そこで、勝手知ったる奥日光に行くことにした。ここなら、光徳から切込・刈込を回って昼前には湯元に着く。そこからは、空模様を見ながら戦場ヶ原を散策しよう、ということになった。
これなら大丈夫だろうと出かけたのだが甘かった。到着直前に雷雨に捕まり、稲妻に悲鳴をあげ、へその中まで濡れてしまった。

光徳の駐車場を6時少し過ぎに出発する。まだ早いので車は7〜8台しかない。そのうちの3台は大きなキャンピングカーだ。
空の高いところに所々雲はあるが、上天気だ。元気な小鳥たちの声が明るい。
あまり汗もかかずに山王峠に着く。涸沼では、大きな望遠レンズをつけたカメラを三脚に据え付けたご夫婦に会った。今日、初めて行き会った人だ。足下にヤマオダマキを見つけた。
苔の美しい樹林帯の中の平坦な道を20分も行くと、切込湖が右手に見えてきた。いつになく水量が多い。湖岸に下りてみる。温泉ヶ岳が望める。

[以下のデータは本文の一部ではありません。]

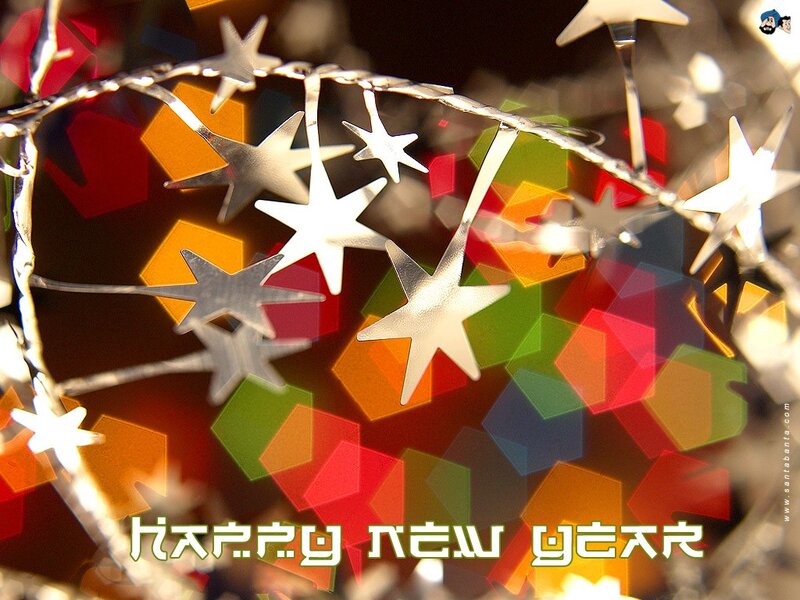 Happy New Year stars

切込湖の2倍ほどの大きさの刈込湖に向かう。静かな湖岸で大休止。私たち以外には、家族連れが一組いるだけだった。
木の階段を上り小峠で小休止をして湯の湖に着いたのは11時前だった。まだ、空に雷雨の気配はない。一安心。

ビジターセンターを見学し、湯の湖西岸を通って湯滝に行く。ここも水量が多く
豪華だ。ベンチで昼食をすませ、戦場ヶ原を泉門池に行く。ここはいつも大勢
の人たちで混雑している。
池の畔に人が集まって歓声をあげている。行ってみると小鴨がいる。一羽の親
鴨の周りに、あるいは離れてたくさんの小鴨がゼンマイ仕掛けのおもちゃのよう
に可愛いしぐさで動いている。数えてみるのだが、せわしなく動き回っているの
で何羽いるのかよくわからない。10羽もいたろうか。
本来は渡り鳥のマガモがここに定着したものだそうである。
雲はふえているが、雨のにおいも感じないし、雷鳴も聞こえないので、先に進む。

赤沼方面に進み、小田代への道を分け、ベンチのある展望台まで来ると、すぐ近くに鹿がやってきていた。人に慣れているようだ。

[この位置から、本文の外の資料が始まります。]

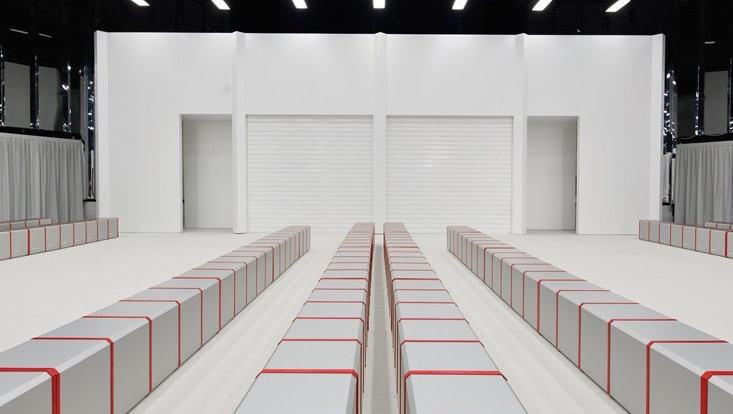 Ferrari SS26 Fashion Show Turns Milan’s Teatro Alcione Into an Officina — official source image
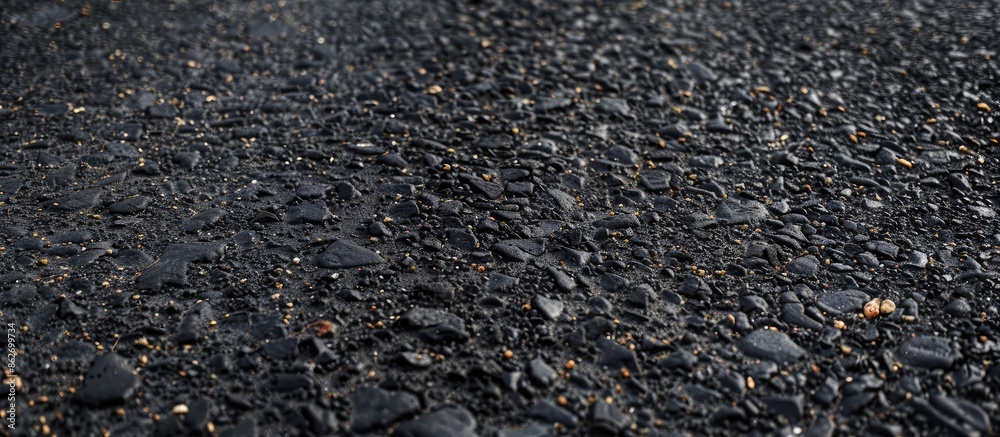 Poster The road surface features an asphalt background with open copy space for images.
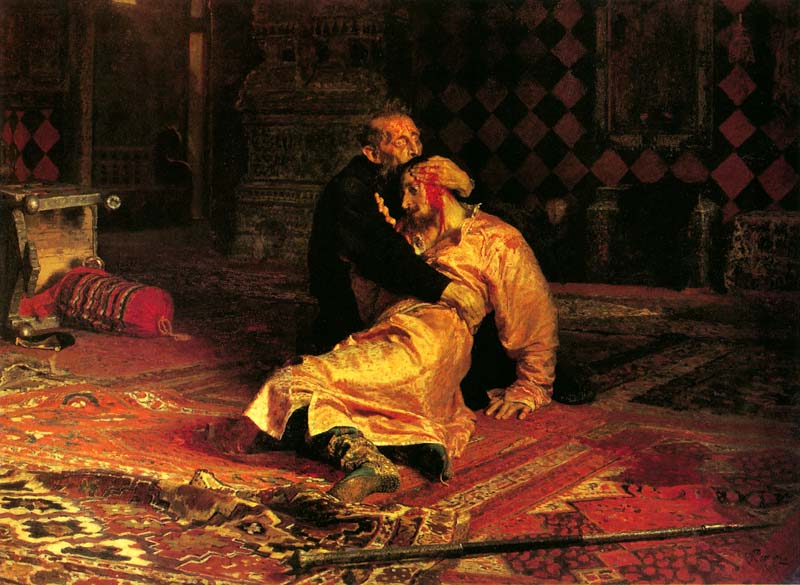 Илья Репин. Иван Грозный и сын его Иван 16 ноября 1581 года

湿原に近づくと花が増えてくる。ハクサンフウロ、バイケイソウ、ホザキシモツケが目立つ。
青木橋のまわりにあるホザキシモツケの群落を眺めていると、ついに遠くから雷鳴が聞こえてきた。急いで引き返そう。
泉門池も素通りし、その先の分岐を右に曲がり逆川橋に向かう。空気が湿っぽくなってきた。
雷鳴はほんの時たま遠くから聞こえるだけだが、油断はできない。足早に歩をすすめる。
逆川橋で国道を横切り林の中に入ると、最初の雨粒が落ちてきた。傘をさす。雨脚はまだ弱い。傘を出すまでもなかったかな、と思っていたが、光徳沼にたどり着いたとたんに豪雨となった。風もでてきた。傘は頭を気休め程度に守っているだけ。舗装道路にでると、そこは川になっていた。風にあおられて傘がキノコになってしまう。少しすぼめて両手で支える。時々耳元で響く雷鳴に驚いて飛び上がる。
夢中で駐車場のトイレに駆け込んだ。
わずか、10分ほどの間にびっしょりになってしまった。
40分ほど雨宿りをして、小降りになるのを待って帰路に着いた。途中で寄った温泉がありがたかった。